Don’t wait for your doctor to ask.
“Most doctors assume that you, the patient, will bring up sexual issues if you’re worried about them,” says Prause.
Check your embarrassment at the door.
Your doc is a professional, and talking about sexual pain isn’t going to weird her out. But if she does seem uncomfortable or brushes off your concerns? “You should find another doctor,” Dr. Sholes-Douglas recommends.
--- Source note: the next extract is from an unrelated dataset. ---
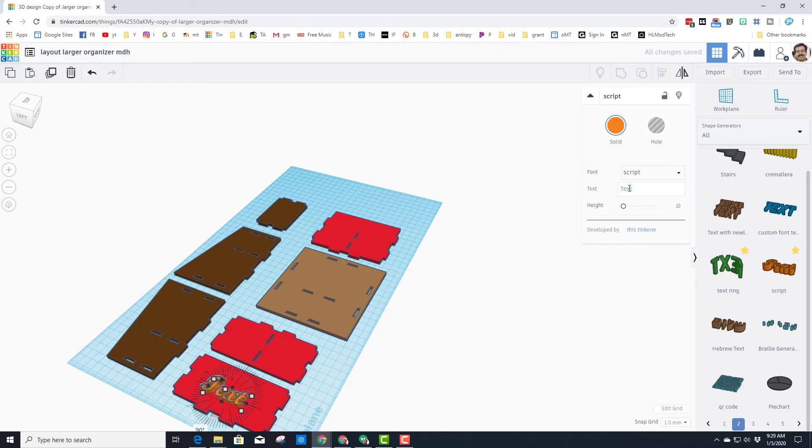I'm going to type in the text box 'HL' and press enter, but I want to change it from script to Major Snafu. I like this font because when it cuts out there are no holes or things that fall out. I'll make it a hole, do Control D, and move the next one down using the arrow key to a location I like. I'll backspace over HL and type 'MOD TECH' — I put caps but this font only has caps.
Saying something like, “I’ve been experiencing some discomfort during sex” is a great opener. But after that, be prepared to talk details — like where exactly the pain is, what it feels like, when it started, and how often it occurs. “For example, you might say something like, ‘It really burns around my opening when he starts to put his penis in,’” Prause notes.
Ask for a referral.
Some primary care doctors and even gynecologists may not have the experience to accurately diagnose your problem. If the options your provider recommends don’t seem like a good fit or they aren’t working, ask if they can recommend an expert who focuses on sexual issues, Prause says.